I am looking now at a hardboiled slacker narrative I started writing about ten minutes after the first time I watched Brick.  At the time I was heavily into Kevin Smith as well, so that seeped in along with the first- and second-hand Hammett and Chandler, and there was a fair amount of semi-autobiographical detail there too, stuff like my delivery job, favorite video store, and the tobacco shop I hung out in at the time, and the end result was half of a story about a video store clerk whose murdered roommate and best friend has accidentally dragged him into a Maltese Falconesque MacGuffin hunt that somehow reads like a Big Lebowski pastiche even though it would be at least a year before I watched The Big Lebowski for the first time.  But it’s got some good stuff.  The narration is kind of ridiculous, but it’s snappy, and there are some clever lines scattered throughout, and it’s pretty well paced.  I’m going to finish it now, and when I do I think it’ll be something I can take pride in.
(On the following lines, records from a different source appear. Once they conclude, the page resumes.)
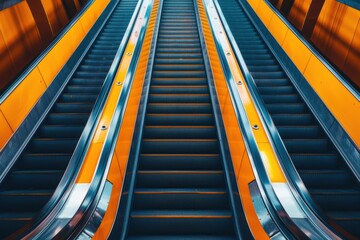 Escalator seen from above
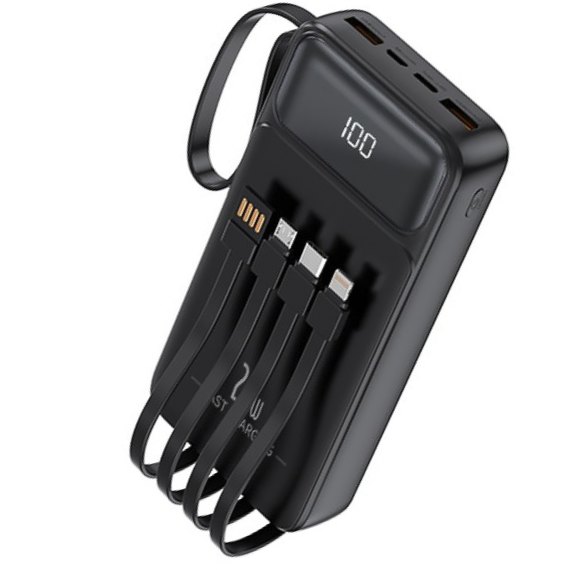 Повербанк WUW TUGII Y200 20000 mAh PD22.5W Black, изображение 3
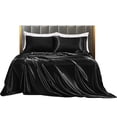 thumbnail image 1 of Labymos Bedding Three Piece Set Household European and American Solid Color One Piece Imitation Silk, 1 of 8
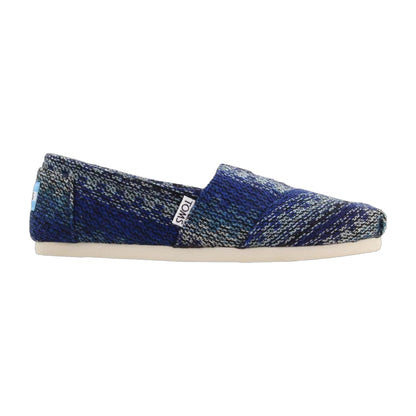 Toms Women's Alpargata Sneakers - Blue Stripe Woven Shrlg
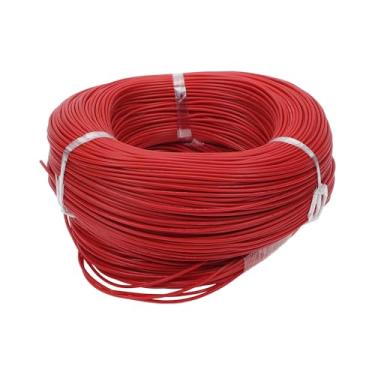 Imagem de Partuto 1 peça 18AWG fio aterramento universal para carro, automotivo, fio de alimentação de alto-falantes de carro totalmente isolado e jaqueta de toque macio TC vermelho 3,5 m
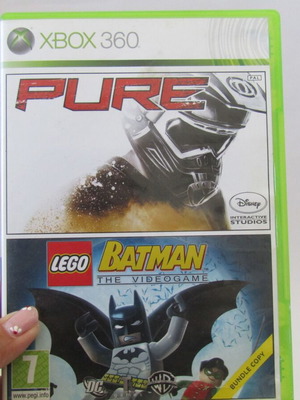Xbox 360 games Pure and Lego Batman used, without manual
Then next on the docket is what I think has to hold the record as the oldest coherent story idea I haven’t discarded for being embarrassingly stupid (such as my adventure series about a gunslinging badass waging war against the Ku Klux Klan after they take over the country, or the one that was basically Stephen King’s Dark Tower series without coherence or a plot).  I took my first crack at this idea when I was about twelve or thirteen, and then I took  couple of additional swings at it over the years until finally I sat down at the age of twenty-two or twenty-three and began to write the thing out in longhand during my lunch breaks at Wal-Mart (I worked there before their marketing trolls decided they should drop the hyphen).  I had a crisis of faith around that time that kind of mirrored what the protagonist was going through in the story, and hit a point where I could either write a dishonest ending, or a depressing one, and so I left it at that for six years.
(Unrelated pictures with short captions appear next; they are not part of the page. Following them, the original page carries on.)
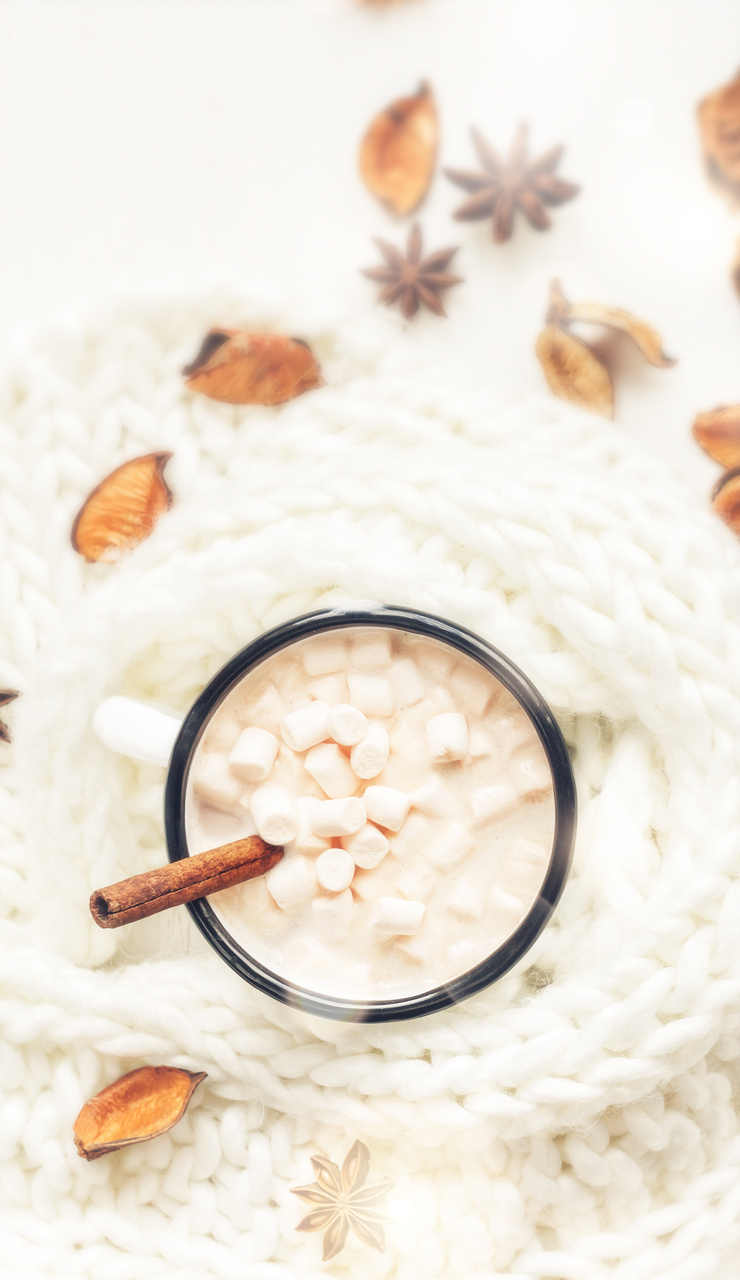 Hot Chocolate Wallpaper ☕ 💕 - Almond Milk , HD Wallpaper & Backgrounds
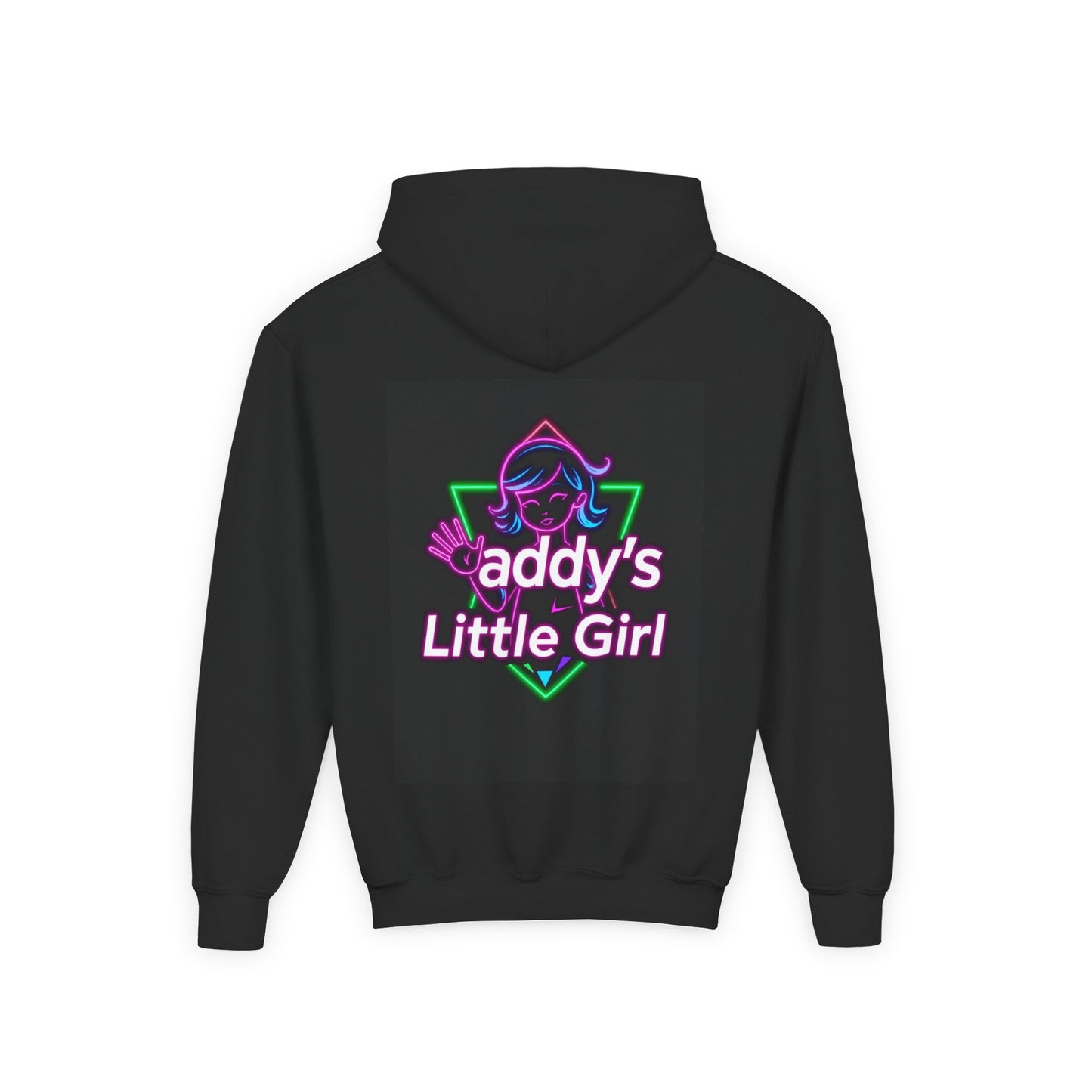 Daddy's Little Girl Hoodie, Cozy Youth Sweatshirt, Cute Gift for Dads, Kids Sweatshirt, Family Celebration Apparel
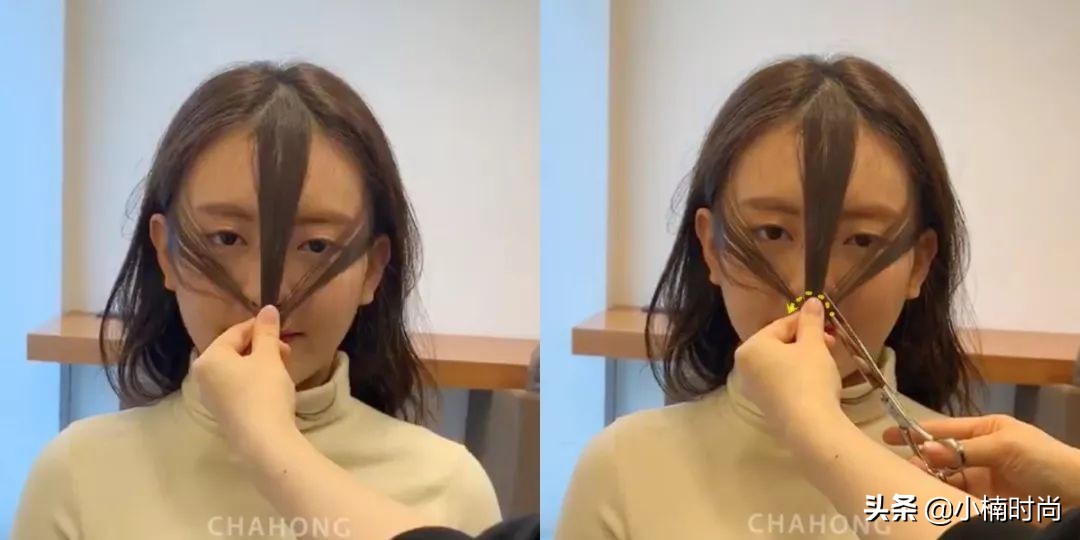 超级详细的修饰脸型刘海剪法,怎样剪修饰脸型的刘海初中生教程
I’m ready to finish it now, and finish it optimistically and honestly at the same time, which I guess took a six-year journey from where I was to where I am.  I started it as a middle school kid obsessed with Isaac Asimov’s robot stories, continued it as a directionless college grad dealing with existential angst, and now I’m ready to finish it.  The story of Father MRK-17691, robot missionary.  Fired from orbit onto the surface of a colony world separated from human society and regressed to an iron age culture, he’s a mechanical monk programmed to administer the gospel in hostile environments, and I’ve left him and his questions of faith and personhood hanging unresolved for too long.